Task requirements: Please print the entries below exactly, from the line with "Location Maison à" through the line with "YONGHE FISH BALL User Photo", including both of those lines and leaving out all others.
====== Data in this exercise
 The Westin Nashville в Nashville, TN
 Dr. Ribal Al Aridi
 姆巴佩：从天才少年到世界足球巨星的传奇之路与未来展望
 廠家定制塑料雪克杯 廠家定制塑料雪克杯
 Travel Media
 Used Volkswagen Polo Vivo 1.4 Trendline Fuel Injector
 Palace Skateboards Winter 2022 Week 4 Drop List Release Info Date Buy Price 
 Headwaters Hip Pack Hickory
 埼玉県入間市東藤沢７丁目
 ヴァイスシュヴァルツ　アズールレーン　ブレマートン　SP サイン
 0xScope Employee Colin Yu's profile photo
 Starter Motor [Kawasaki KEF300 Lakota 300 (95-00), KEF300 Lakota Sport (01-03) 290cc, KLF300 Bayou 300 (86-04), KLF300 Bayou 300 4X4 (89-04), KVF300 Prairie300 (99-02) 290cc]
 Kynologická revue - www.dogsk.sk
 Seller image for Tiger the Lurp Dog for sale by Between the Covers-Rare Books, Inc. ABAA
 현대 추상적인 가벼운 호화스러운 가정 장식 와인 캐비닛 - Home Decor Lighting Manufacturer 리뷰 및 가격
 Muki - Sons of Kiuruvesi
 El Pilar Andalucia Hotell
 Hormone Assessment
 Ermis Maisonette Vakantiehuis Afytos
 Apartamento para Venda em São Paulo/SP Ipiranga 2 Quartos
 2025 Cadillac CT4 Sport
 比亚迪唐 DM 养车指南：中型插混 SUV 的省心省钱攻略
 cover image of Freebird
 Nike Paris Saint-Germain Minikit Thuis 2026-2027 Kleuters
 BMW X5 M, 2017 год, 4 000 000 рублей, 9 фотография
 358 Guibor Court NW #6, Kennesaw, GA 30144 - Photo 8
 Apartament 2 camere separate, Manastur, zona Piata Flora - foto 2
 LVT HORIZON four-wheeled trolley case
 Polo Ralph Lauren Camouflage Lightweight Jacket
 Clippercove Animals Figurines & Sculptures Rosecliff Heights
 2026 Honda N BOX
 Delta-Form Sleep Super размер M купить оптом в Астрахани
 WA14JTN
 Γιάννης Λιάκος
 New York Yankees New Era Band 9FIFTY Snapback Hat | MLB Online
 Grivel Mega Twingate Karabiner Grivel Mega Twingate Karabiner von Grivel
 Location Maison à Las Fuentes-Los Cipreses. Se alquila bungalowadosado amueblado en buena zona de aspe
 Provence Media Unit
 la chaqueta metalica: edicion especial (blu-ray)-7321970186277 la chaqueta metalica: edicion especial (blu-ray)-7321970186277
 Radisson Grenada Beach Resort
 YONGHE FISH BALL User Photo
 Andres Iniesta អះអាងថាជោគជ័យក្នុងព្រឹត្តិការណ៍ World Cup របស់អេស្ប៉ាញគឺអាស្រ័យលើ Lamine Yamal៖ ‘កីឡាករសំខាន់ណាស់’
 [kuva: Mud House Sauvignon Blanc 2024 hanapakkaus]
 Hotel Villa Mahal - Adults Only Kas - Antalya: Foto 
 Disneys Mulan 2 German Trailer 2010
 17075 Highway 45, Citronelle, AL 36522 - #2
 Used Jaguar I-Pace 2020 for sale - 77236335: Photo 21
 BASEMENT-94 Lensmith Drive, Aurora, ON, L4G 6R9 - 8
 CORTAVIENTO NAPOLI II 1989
============
Response:
 Location Maison à Las Fuentes-Los Cipreses. Se alquila bungalowadosado amueblado en buena zona de aspe
 Provence Media Unit
 la chaqueta metalica: edicion especial (blu-ray)-7321970186277 la chaqueta metalica: edicion especial (blu-ray)-7321970186277
 Radisson Grenada Beach Resort
 YONGHE FISH BALL User Photo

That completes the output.